Anyway, I hope that Risa likes it. I’ll let you know if it gets in the book.

Finally, something I am liking.

EDM #19: Draw something you’ve made

It’s been a long-ass week. Undistinguished except for the miserable heat, mugginess, and torrential rain. I’m not much of a drinker but when I saw this challenge, I knew exactly what I’d make: a cool, crispy gin and tonic.

And I’d make it with sumi ink and a dash of watercolor (and a soupcon of salt).

Sumi is the everlasting gobstopper of art supplies. You get a beautiful carved black block embossed with gold and silver designs. You splash your cool stone chalice and rub it with the block a couple of times and, hey presto, ink. But it’s ink that’s so forgiving and compliant. It hits your brush looking all dark and full of intent, but then when you slap it on the page, it backs off, dissolving to a smoky wave.

You can modulate it in so many ways that perfectly suit my way of painting. I can dilute it to a whisper and then build up layers up on layers that transition smoothly into each other like a delicate moire.
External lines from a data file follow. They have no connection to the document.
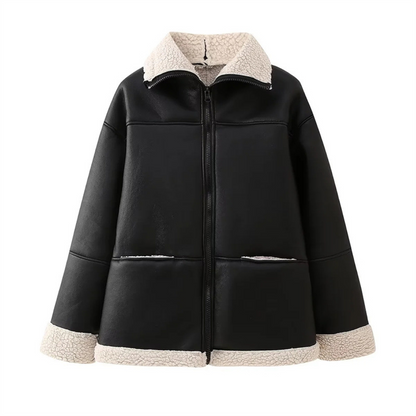 Emma – Chaqueta de piel sintética con forro de borreguillo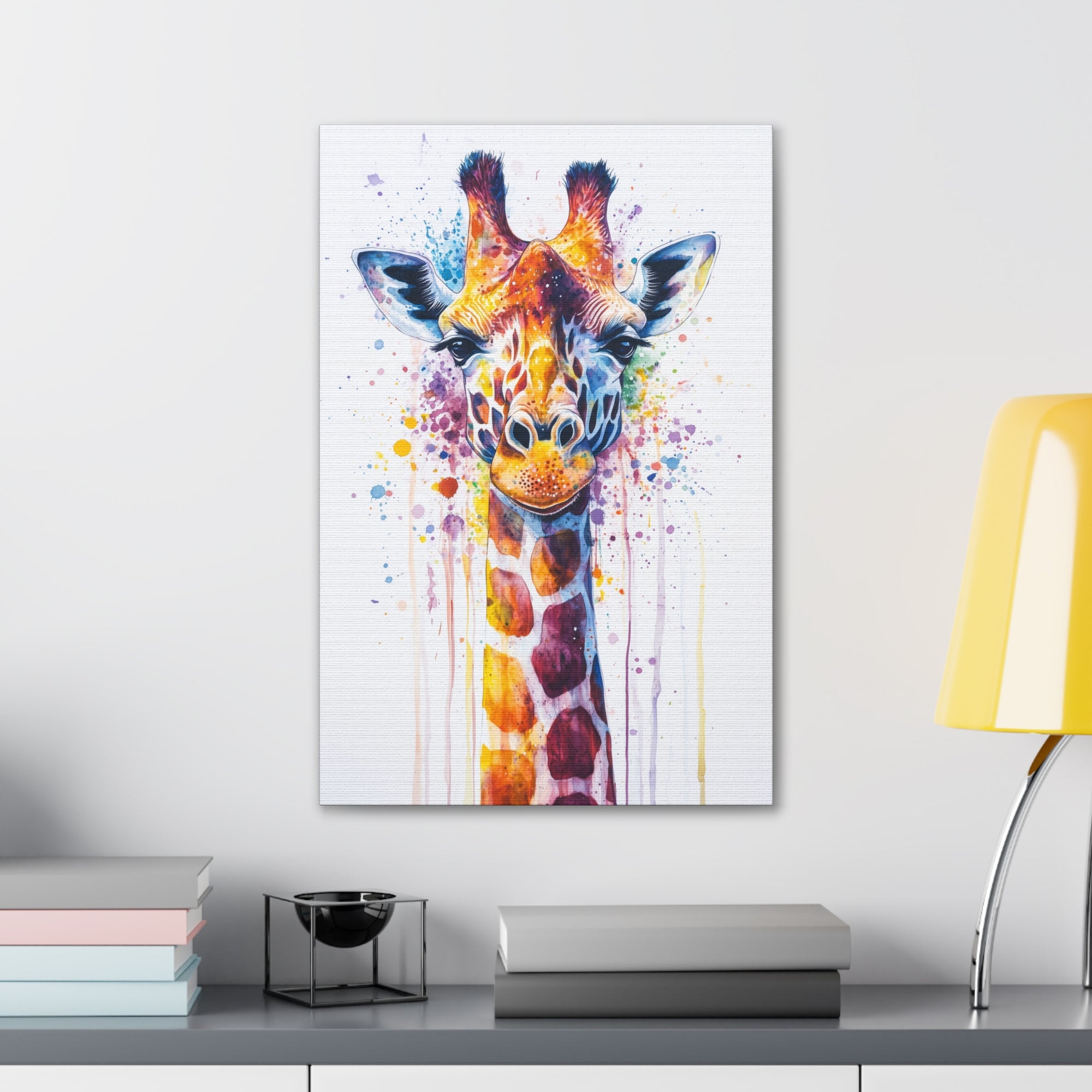 Watercolor Giraffe Canvas Wall Art - SynthFrame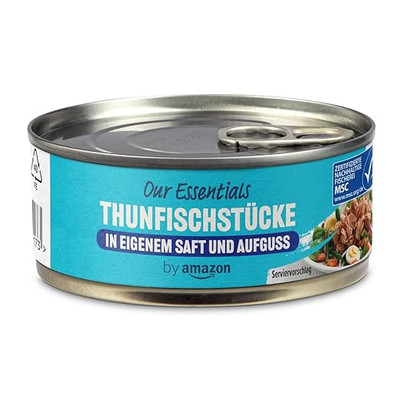 By Amazon Thunfischstücke in eigenem Saft und Aufguss, 145g (1er-Pack)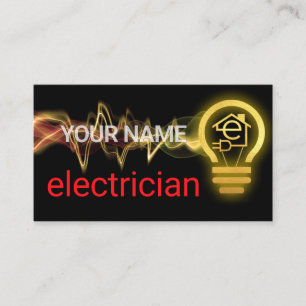 Tarjeta De Visita Powers Lightning Up Letra-e Bombilla Doméstica
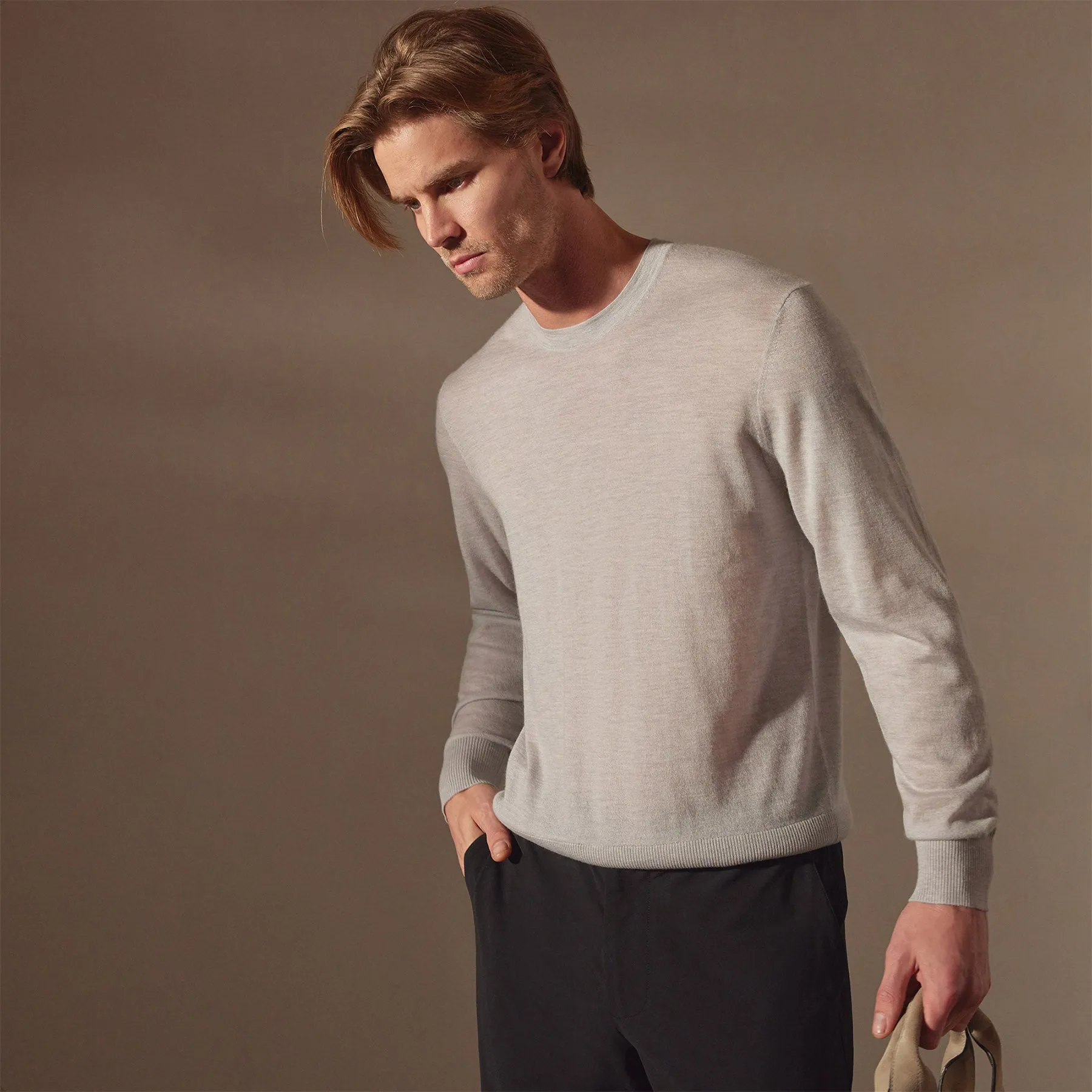 Lightweight Fine Gauge Cashmere Crew - Stone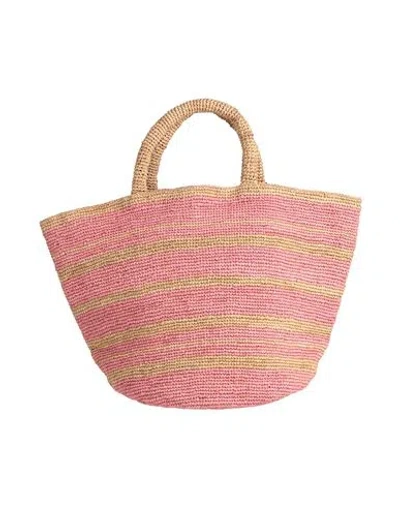 Manebi Manebí Woman Handbag Pink Size - Natural Raffia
As it dries, sumi becomes a dusky, matte layer of grey that doesn’t feel like paint or ink or pencil or anything, like it was just meant to be there, like some sort of organic residue left by my gesture. And that ebony brick of oriental exotica last forever, through fecund years of rubbing against the stone palette and daubing on the page. Ah, suuuuumi.

Can you tell by my writing that I’ve consumed my model?

EDM #(17 &)18: Draw the view from a window of your house, apartment, office, etc.

My house is devoid of musical instruments right now so I will wait to draw EDM#17 until I come across one somewhere — stay posted. Instead I skipped ahead to Challenge #18.


Liz Steel is an architect who lives in Sydney but loves to draw, paint and travel. I have long admired her art which she tells me she just started a few years ago, influenced by Everyday Matters and The Creative License. Now she is a voracious and talented drawer of things, mainly buildings and teacups. Accompanied by her bear, Borromini, she has drawn all over the world and she is just on her way back Down Under after attending the Urban Sketchers symposium in the Dominican Republic.

Liz dropped by my house yesterday and after sharing journals and stories, we sat out on southern terrace and drew the setting sun over Greenwich Village.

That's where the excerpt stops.